Ao longo de 4 dias, caminharíamos por trilhas nas montanhas, pedalaríamos bicicletas elétricas em ciclovias nas estradas e faríamos outros deslocamentos usando apenas o pontual sistema de trens suíço.
Ainda que pareça uma maratona épica para atletas, a rota sugerida foi pensada como uma aventura light para turistas com condicionamento físico razoável. Afinal, de norte a sul do país, apenas 200 quilômetros separam Zurique, principal ponto de chegada de voos internacionais, e a charmosa cidade de Lugano, onde a Suíça faz fronteira com a Itália.
Depois de conferir que as caminhadas não seriam super íngremes e que as estradas das ciclovias escolhidas eram planas e sem grandes subidas, aceito o desafio. Teria minha primeira experiência com bicicleta elétrica — o que, confesso, dava algum frio na barriga, uma vez que sou acostumado apenas a esporádicas pedaladas urbanas a lazer. Mas conheceria a Suíça de uma forma original.
A primeira vez na bike elétrica
Cadê os picos nevados e as montanhas verdes habitadas por vaquinhas felizes, como vemos nas embalagens dos chocolates suíços?
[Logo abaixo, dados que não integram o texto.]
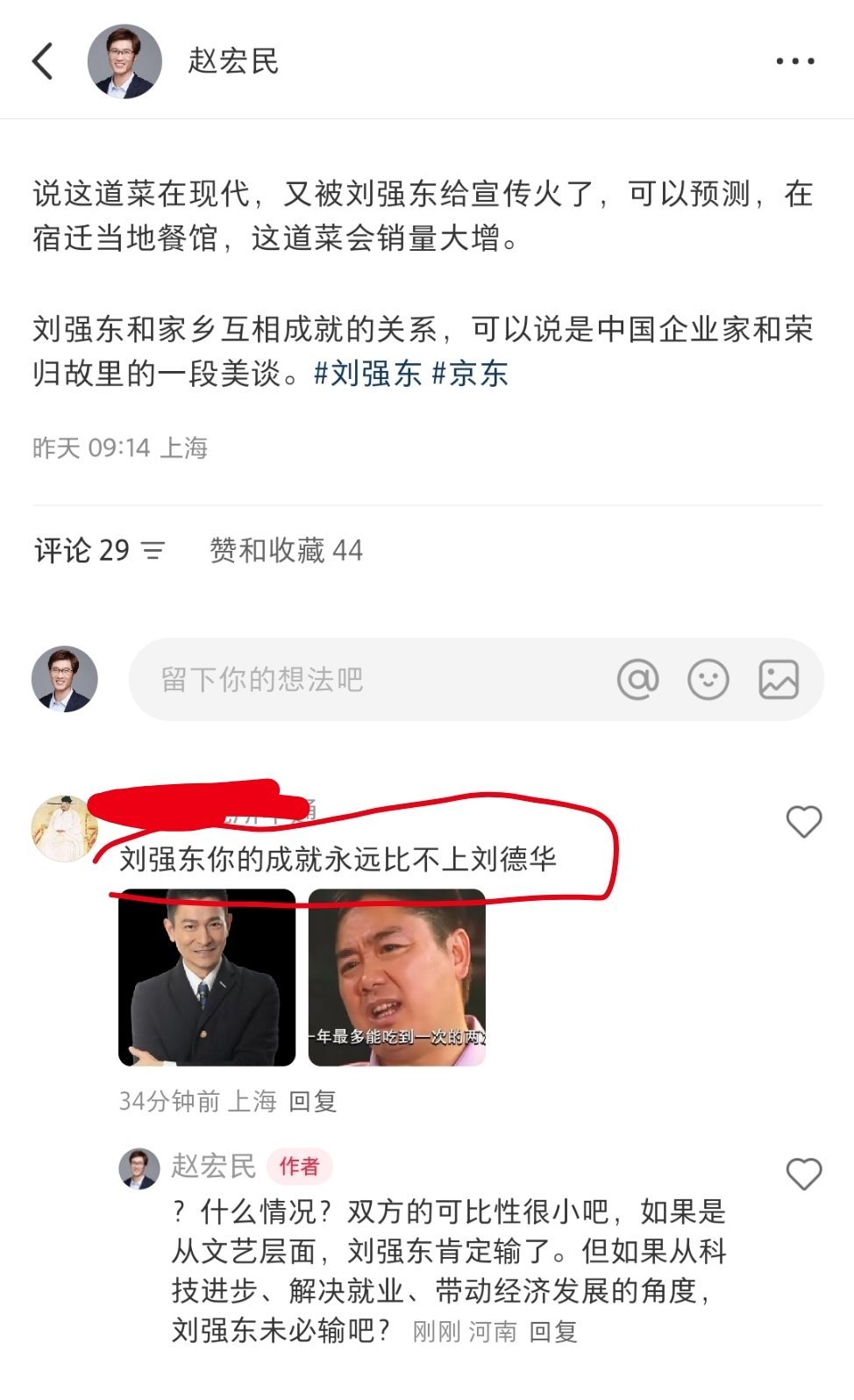 冷不丁的，突然我的帖子评论区有人说，刘强东你的成就永远比不上刘德华？？什么情况？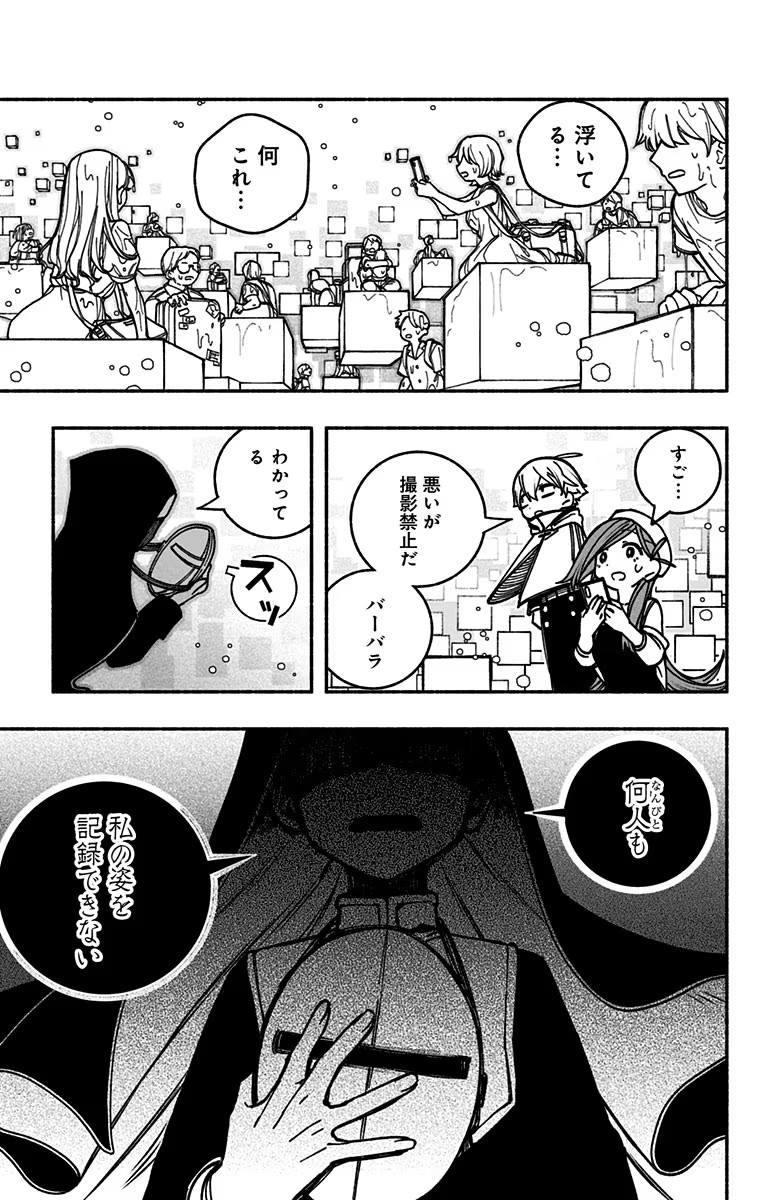 Exorcist wo Otosenai Chap 11 - Next Chap 12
Começar a experiência em um dia chuvoso não é a estreia que sonhei, ainda mais para minha primeira pedalada em uma e-bike.
Uma Zurique com céu cinza-chumbo recebe a mim e ao meu grupo de 11 viajantes estrangeiros e dois guias em uma manhã do outono europeu. Viajar na baixa temporada e evitar as muvucas do verão é uma das práticas recomendadas para um turismo mais sustentável. Mas a chuva não estava no script.
Com roupas impermeáveis, saímos caminhando do ponto de encontro no hotel Züri by Fassbind para inaugurar os bilhetes digitais Swiss Travel Pass (passe nacional que permite viajar por trens, ónibus e até barcos, além dos meios locais de transporte nas cidades) que vão nos levar até as bikes.
A chuva nos obriga a trocar o local da partida para a vizinha cidade de Zug, a 30 quilômetros. Pegamos as bicicletas e aprendo a acionar os controles para três velocidades, confiro que a bateria está recarregada e constato que a bike elétrica é mais pesada do que as comuns.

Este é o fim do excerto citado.